Musing: What Digital Pictures Mean for Us Psychologically

A quick look at my Dropbox Camera Upload directory reveals that I take about 3-5 photos a day on average. They range from awesome to mundane, moments to remember, and moments that after a task is done, should be forgettable. But I save them all, because it’s too much work to weed through them and I don’t want to miss any golden ones. Tonight I wonder how this will change society psychologically over the next 30 years.

A Screenshot of my Camera Upload Directory
A Screenshot of my Camera Upload Directory

My parents have photo albums that have 10-20 photos per year in them. They are generally key moments, or at least moments when a camera with film in it was handy. There are no pictures of receipts, white boards, lunch, or random people seen in Walmart. But today we take all those types of photos, and more. And in 30 years, I might have around 1,400 photos per year = 42,000 photos that span a giant chunk of my life. What will this mean?

Pros

There are a few pros to this mass photo documentation effect. The first is that key chance moments will not be forgotten as easily. When you ask people what triggered negative events in life (i.e. life crises) you find it’s events, not age, that cause the crisis (Lachman, 2004). One could easily argue that positive events work the same way – we’ve always known that some events are worth documenting (i.e. the birth of a child, marriages, etc..), but some events are unknown at the time of their occurrence. For example – if you met your future spouse at a party, chances are the pictures of that night were never taken in the past, or if they were, the limitations of film meant only 1 or 2 were snapped. Now you might have the whole night documented in 5-10 shots, conservatively. Imagine looking upon the night you met your spouse, or the first day of a job that you’d later realized was the start of your eventual career, or any other “first” that you hadn’t thought to document at the time. Those are memories that one might snag with 1,400 photos a year.

There is also an element of remembering everyday life. About 3 months before I left New York, I started taking photos of the most mundane things. Sights I’d see every day traveling to and from work, lots of pictures of Columbia’s campus as it was at that time, and even pictures of my desk, my co-workers desks, the break room, etc… At the time it felt really silly – I’d seen these sights every day for 3 years – they were really familiar, and ingrained into me.

1.5 years later I look at those photos and they seem so distant and evoke a number of thoughts and memories that I would never think to ponder. They allow me to place myself back in that time, and memories come flooding back. It’s something called context dependency – we remember more when we have the context to remind us, and it’s very powerful. I’m glad I took those photos – they remind me what my daily life was like at that point in my adult life. I only wish I had sets from my years at The University of Akron or in High School – that period before digital cameras came into our lives in cheap and easily usable fashion.

Cons

42,000 photos over 30 years. If, when I’m 60, I decide to go through them, it will take me around 120 hours (assuming I look at each photo for 10 seconds on average). That’s 5 days. One obvious problem with this approach is how to find the key moments. This is not a new problem – engineers at top tech firms have been thinking about it for a few years now. Google has started finding trends in your photos and creating collages combining events together. Apple now groups photos by event as well. But neither of these is done by the person – it’s the software taking it’s best guess, and so in the end, the actual human will still be responsible to figure out what was key and what was junk. That alone is a pretty daunting job, even if you keep up with it regularly.
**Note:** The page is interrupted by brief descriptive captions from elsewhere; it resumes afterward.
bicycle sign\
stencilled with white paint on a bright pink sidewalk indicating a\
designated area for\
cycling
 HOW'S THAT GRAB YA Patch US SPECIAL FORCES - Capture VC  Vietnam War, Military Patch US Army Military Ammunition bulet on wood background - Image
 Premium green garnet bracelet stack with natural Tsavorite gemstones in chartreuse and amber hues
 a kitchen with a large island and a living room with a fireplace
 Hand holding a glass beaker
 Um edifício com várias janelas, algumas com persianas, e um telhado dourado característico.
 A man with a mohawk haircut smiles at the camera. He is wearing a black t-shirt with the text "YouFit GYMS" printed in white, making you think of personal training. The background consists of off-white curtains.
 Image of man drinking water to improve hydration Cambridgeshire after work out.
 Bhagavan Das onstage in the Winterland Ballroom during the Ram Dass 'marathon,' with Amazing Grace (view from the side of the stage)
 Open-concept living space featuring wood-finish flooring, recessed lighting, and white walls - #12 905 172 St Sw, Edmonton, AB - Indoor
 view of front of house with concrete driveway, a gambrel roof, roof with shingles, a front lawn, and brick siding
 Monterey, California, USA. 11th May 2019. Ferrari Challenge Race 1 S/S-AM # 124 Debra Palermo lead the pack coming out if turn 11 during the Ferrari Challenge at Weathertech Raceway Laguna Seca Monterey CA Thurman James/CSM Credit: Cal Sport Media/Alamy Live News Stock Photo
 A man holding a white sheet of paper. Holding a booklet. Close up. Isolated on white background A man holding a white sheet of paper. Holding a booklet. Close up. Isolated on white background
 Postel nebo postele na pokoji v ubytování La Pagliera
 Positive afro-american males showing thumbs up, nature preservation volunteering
Another element that I think about a lot is the fact that some memories would rather be forgotten. Painful memories can be enhanced by photos the same way that positive ones can be. I have a few Facebook friends who have had the trauma of a painful break-up require them to excise perhaps a thousand photos from their albums – assuming they don’t want to delete them all, that’s 1,000 times they have to look at their ex and try to stifle anger, sadness, resentment, etc… Much worse than just throwing the shoebox of photos away.

In the end, the pros and cons I’ve listed are only the start of a deeper question of how we merge psychological wellbeing and functioning with technological advancements. Photos might be the most salient, but we’re also looking at a future where the following questions will have surprising answers (Well, surprising to today’s audience):

Q: Is that a normal heart rate for you?
A: Well doc, here’s my daily heart rate, exercise, food, and weight logs for the past 30 years, thanks to my smartphone and fitness tracker. You tell me.

Q: Where were you at 9 PM on that day, 2 years ago?
A: Here’s a full report of exactly where I was that day, exactly when. My phone kept it for me, and I also used Foursquare and Facebook to check in.

Q: Did you know all along that Candidate X was going to win?
A: Well I probably would have succumbed to confirmation bias if I hadn’t had those dozen or so tweets I sent out handy – I had real doubts before the election.

And that’s just a handful. We live in amazing times, technologically. Now it’s up to use to figure out how to use all of that information, psychologically! I tend to be optimistic rather than apocalyptic on the matter – but it’s not going to be easy to sort it all out!